The Gospel reading proclaims Jesus, who is the Truth. The homily that follows proclaims that the Truth matters for us here and now and demands our personal response. To this call, we answer with the Creed, proclaiming our faith in who God is and what He has done for us. In the Creed, we proclaim our acceptance of Jesus, the Truth. In the prayers of the faithful, we petition the Lord for our needs and concerns, saying in so many words, “Lord, let your kingdom come, on earth as it is in Heaven! Let us share you life! Give us your life!” At Mass, the Way leads to the Truth, and from the Truth we long for God’s Life. At Mass, the Liturgy of the Word leads to the Liturgy of the Eucharist.

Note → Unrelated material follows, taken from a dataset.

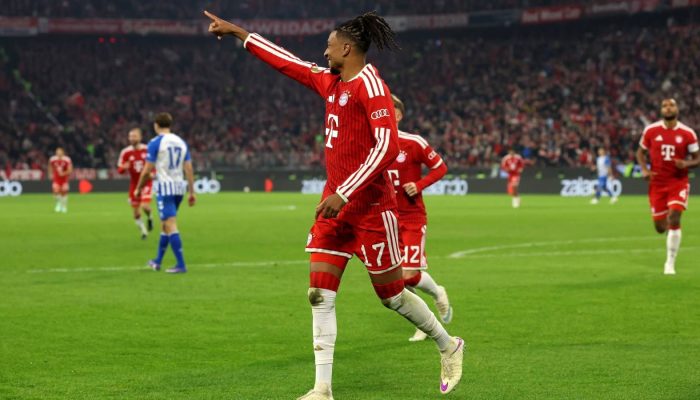 Olise Cetak Dua Gol, Selebrasi Aneh dan Gestur untuk Kane Jadi Sorotan di Kemenangan Bayern 6-1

The presentation of the gifts is not merely about moving around cash and bread and water and wine. The presentation of the gifts is about the presentation of everything that we have, and everything that we are, to God. We lift up our hearts to be one with our sacrifice. Amidst praises to the Father, the one life-giving sacrifice of the Last Supper, of the cross, and of Heaven becomes present here to us. We join in offering this sacrifice through Jesus, with Jesus, and in Jesus, in union with the Holy Spirit, to God the Father in Heaven.
Through this offered sacrifice, we join in God’s Life. We pray “Our Father,” because uniting with the paschal mystery, the great Easter deeds of Jesus, gives us life as the Father’s sons and daughters. Then we share with one another the sign of peace, the loving peace that is possessed by God’s holy ones. Finally, at the climax, we partake of Jesus Christ, Life Himself, most truly present in the Holy Eucharist.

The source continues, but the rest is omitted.